** Work task **
No pictures should appear. The lines from the beginning of the listing through the one holding "Beautiful route on" must be reproduced exactly, and nothing more.

** Exercise data **
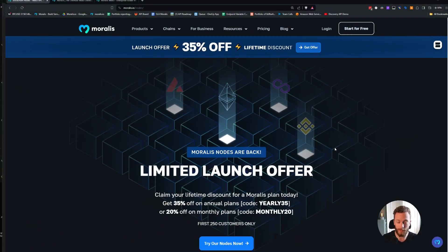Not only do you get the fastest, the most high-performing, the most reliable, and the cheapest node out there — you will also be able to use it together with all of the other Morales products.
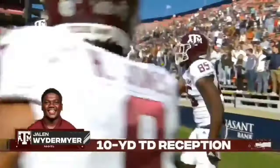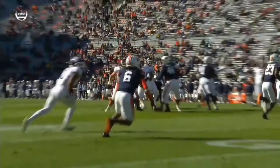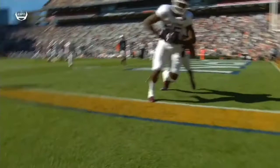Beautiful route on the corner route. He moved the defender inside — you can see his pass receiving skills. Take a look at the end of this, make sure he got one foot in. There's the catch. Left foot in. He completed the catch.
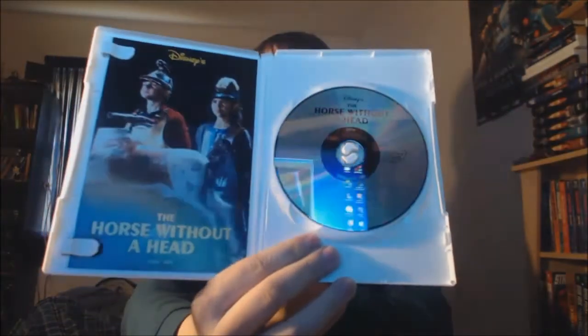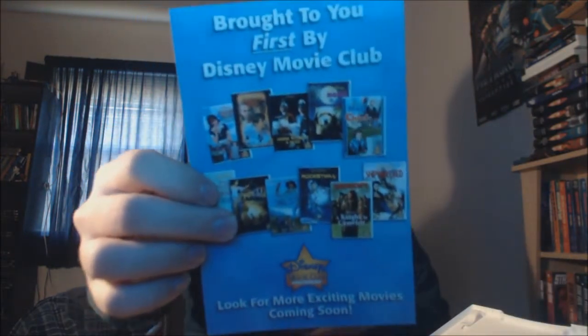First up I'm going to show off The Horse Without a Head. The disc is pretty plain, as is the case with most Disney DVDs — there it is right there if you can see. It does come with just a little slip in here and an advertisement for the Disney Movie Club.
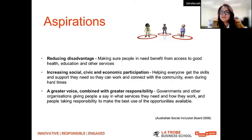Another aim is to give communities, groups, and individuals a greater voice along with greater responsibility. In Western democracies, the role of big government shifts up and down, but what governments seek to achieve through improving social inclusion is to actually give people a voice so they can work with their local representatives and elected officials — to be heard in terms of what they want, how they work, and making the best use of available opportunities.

** Response **
Not only do you get the fastest, the most high-performing, the most reliable, and the cheapest node out there — you will also be able to use it together with all of the other Morales products.
Beautiful route on the corner route. He moved the defender inside — you can see his pass receiving skills. Take a look at the end of this, make sure he got one foot in. There's the catch. Left foot in. He completed the catch.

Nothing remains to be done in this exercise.